What you have to do
Although the entries contain pictures, the copy should hold only their exact text.

[Records shown Boundary: Start]

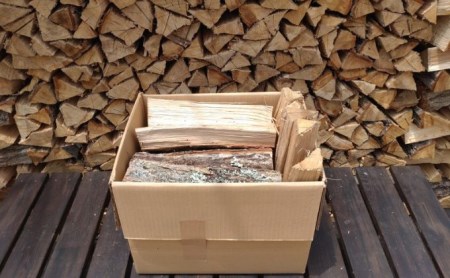 薪 広葉樹ナラ 中割り キャンプ 焚き火 薪【約13kg 30cm】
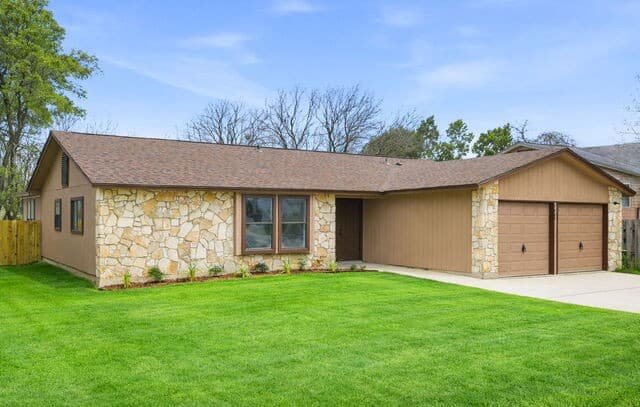 3-bedroom rental at 5446 Vista Trl in San Antonio, TX — photo 2
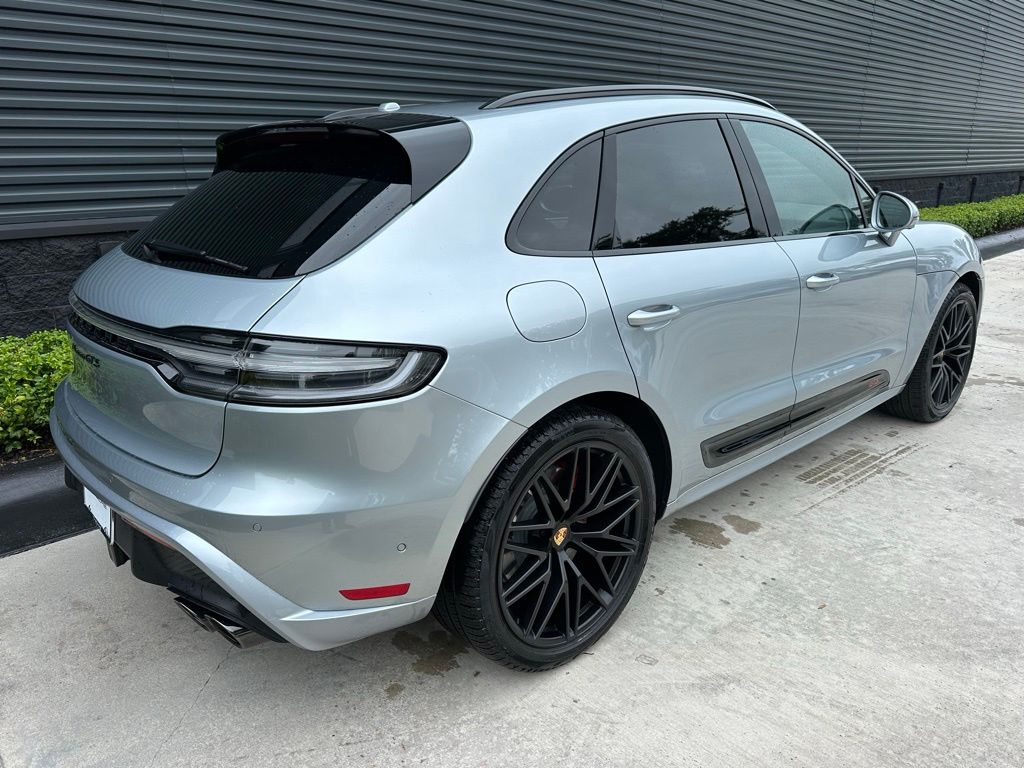 Thumbnail: 2025 Porsche Macan - 10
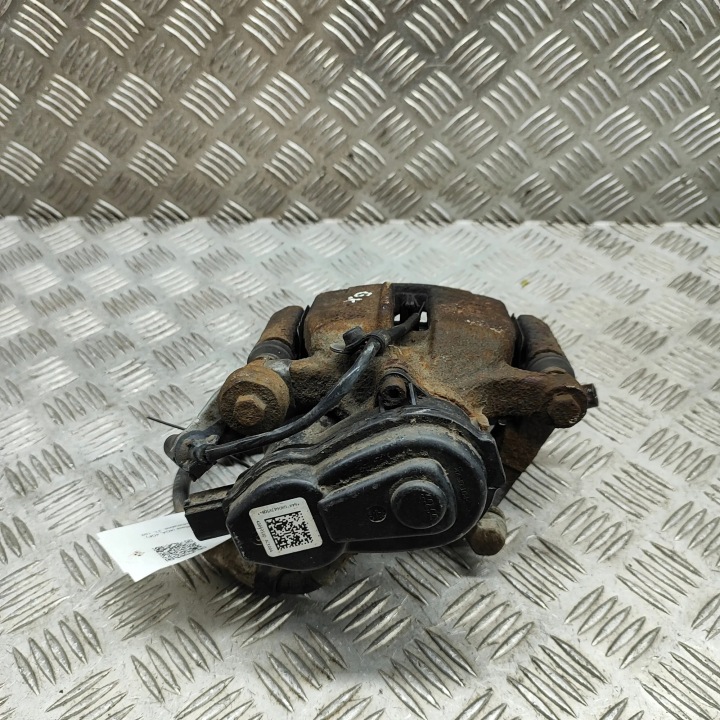 Audi A7 S7 4G 8K0615425 Taka vasen Takajarru jarrusatula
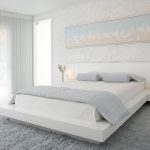 Camera da letto in bianco in stile minimalismo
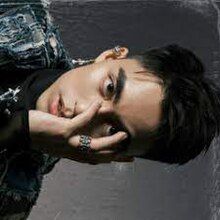 Ảnh bìa của album 22 từ ca sĩ Mono.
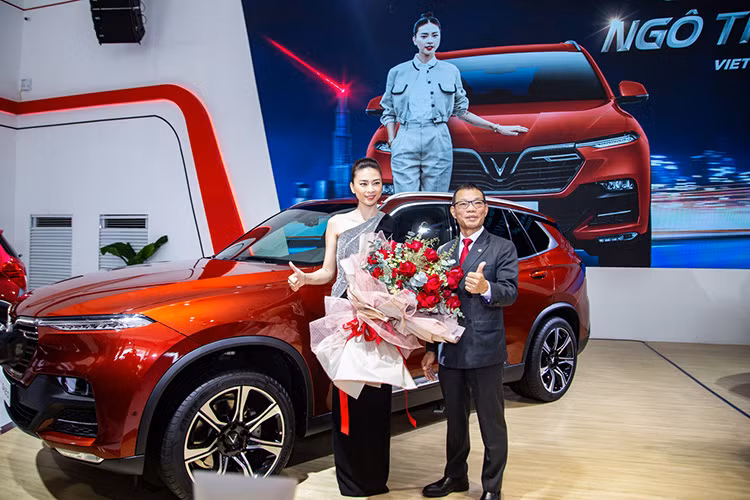 Mới đây tại gian hàng của Vinfast ở triển lãm ôtô Việt Nam 2019 (VMS) đã diễn ra buổi bàn giao xe VinFast LUX SA2.0 mới cho ngôi sao, đạo diễn điện ảnh Ngô Thanh Vân. Được biết, cô cũng là đại sứ của thương hiệu Vinfast.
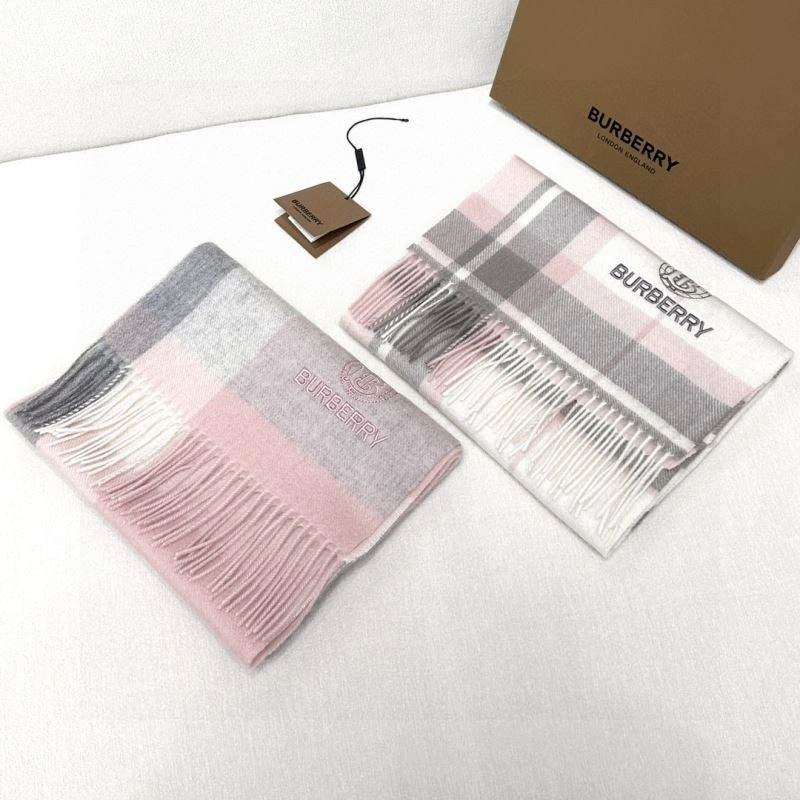 Sophisticated Burberry Scarf 271351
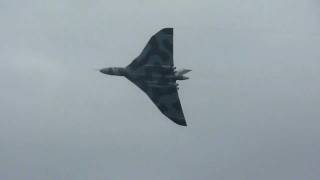 preview picture of video 'Avro Vulcan XH558 'Howl' at RAF Leuchars Airshow 2011'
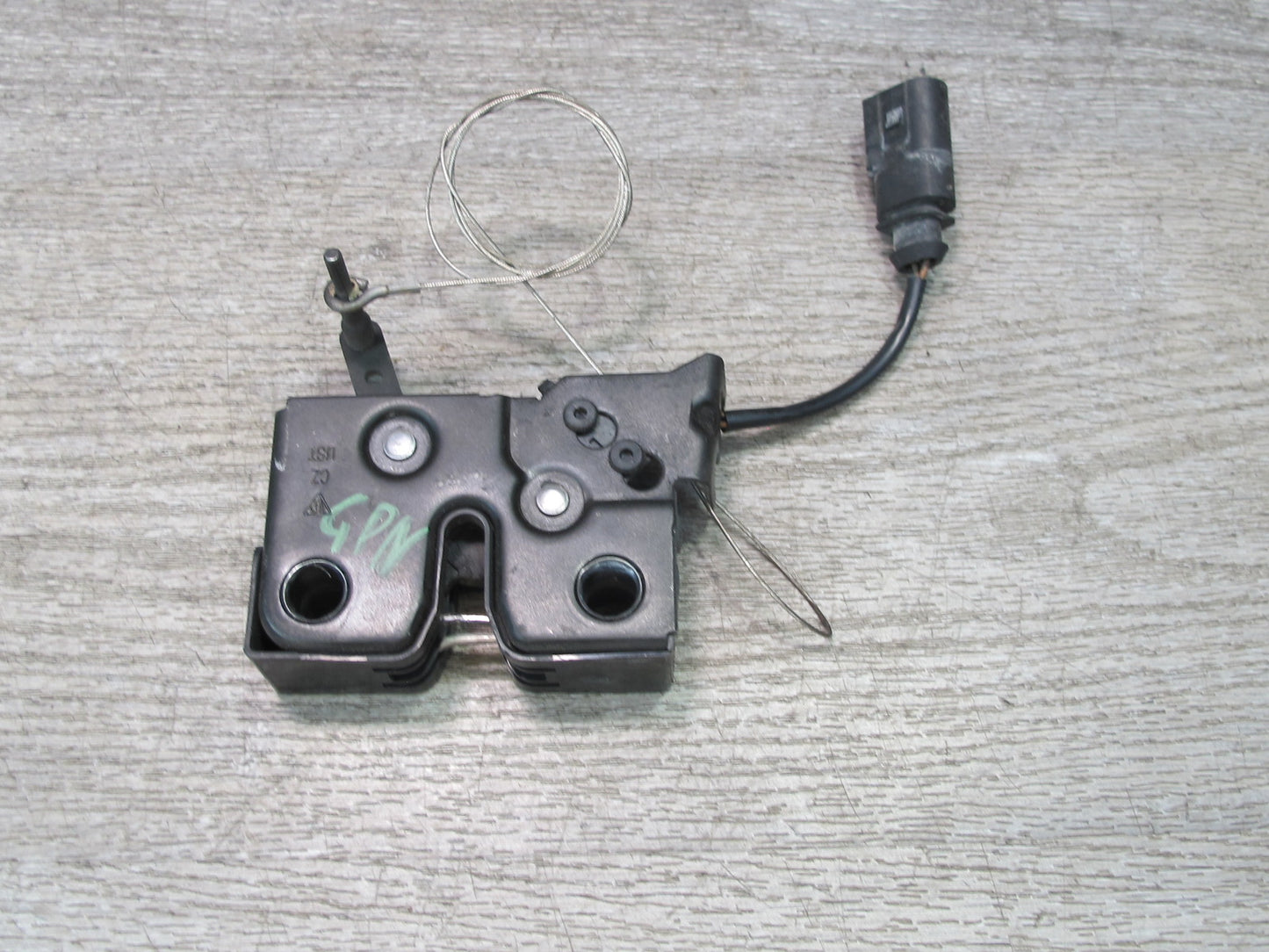2005-2012 Porsche 911 997 Rear Trunk Lid Lock Latch Actuator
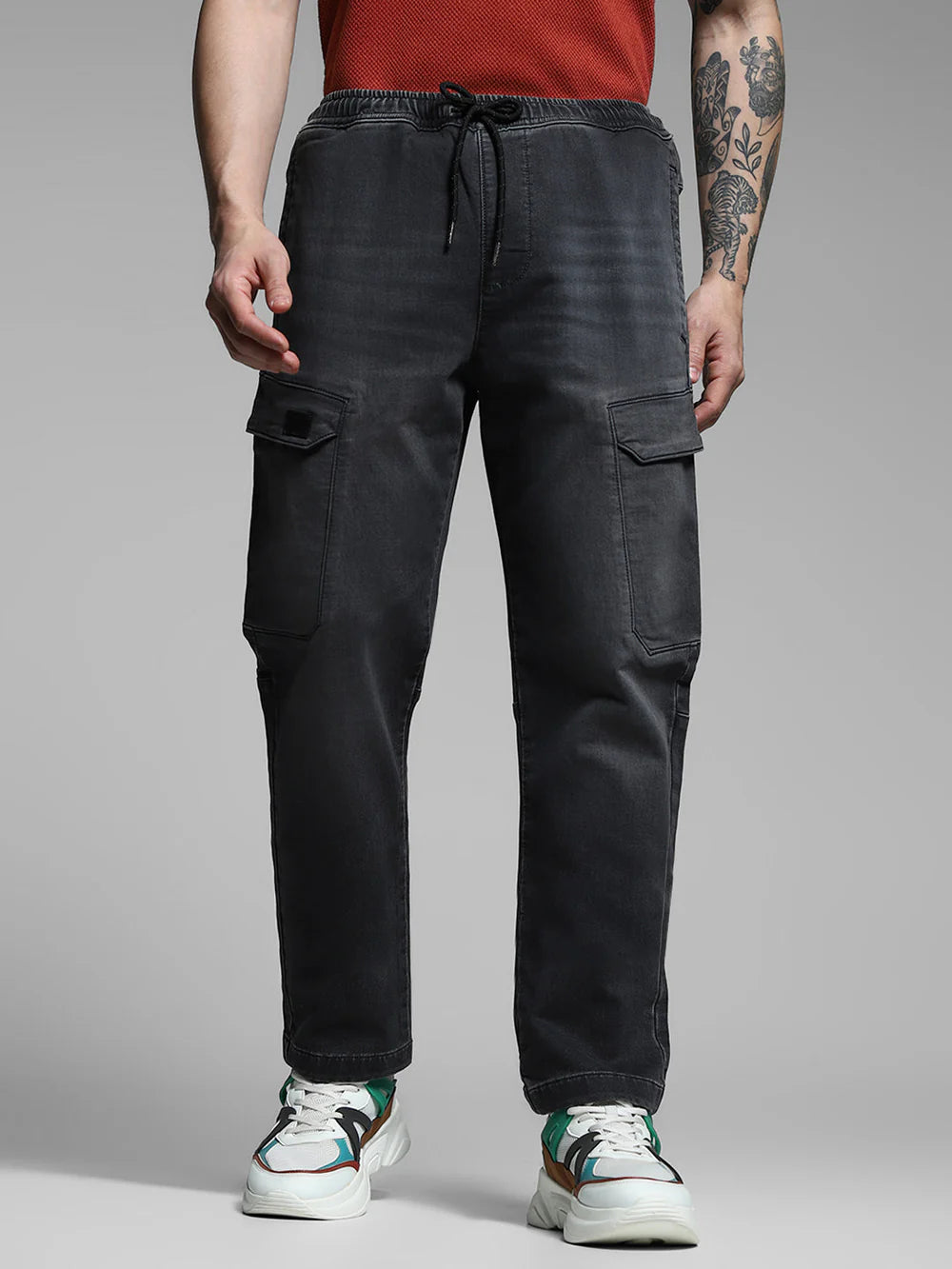 Stylish Men’s Black Anti-Fit Cargo Jeans with Relaxed Fit and Modern Casual Appeal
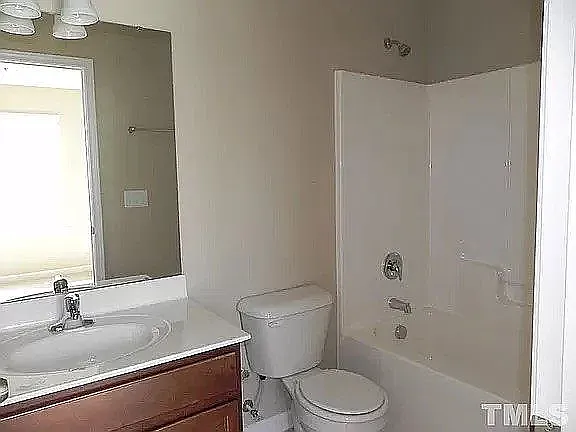 310 Dove Cottage Ln — Photo 4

[Records shown Boundary: End]

Response for this exercise
 薪 広葉樹ナラ 中割り キャンプ 焚き火 薪【約13kg 30cm】
 3-bedroom rental at 5446 Vista Trl in San Antonio, TX — photo 2
 Thumbnail: 2025 Porsche Macan - 10
 Audi A7 S7 4G 8K0615425 Taka vasen Takajarru jarrusatula
 Camera da letto in bianco in stile minimalismo
 Ảnh bìa của album 22 từ ca sĩ Mono.
 Mới đây tại gian hàng của Vinfast ở triển lãm ôtô Việt Nam 2019 (VMS) đã diễn ra buổi bàn giao xe VinFast LUX SA2.0 mới cho ngôi sao, đạo diễn điện ảnh Ngô Thanh Vân. Được biết, cô cũng là đại sứ của thương hiệu Vinfast.
 Sophisticated Burberry Scarf 271351
 preview picture of video 'Avro Vulcan XH558 'Howl' at RAF Leuchars Airshow 2011'
2005-2012 Porsche 911 997 Rear Trunk Lid Lock Latch Actuator
 Stylish Men’s Black Anti-Fit Cargo Jeans with Relaxed Fit and Modern Casual Appeal
 310 Dove Cottage Ln — Photo 4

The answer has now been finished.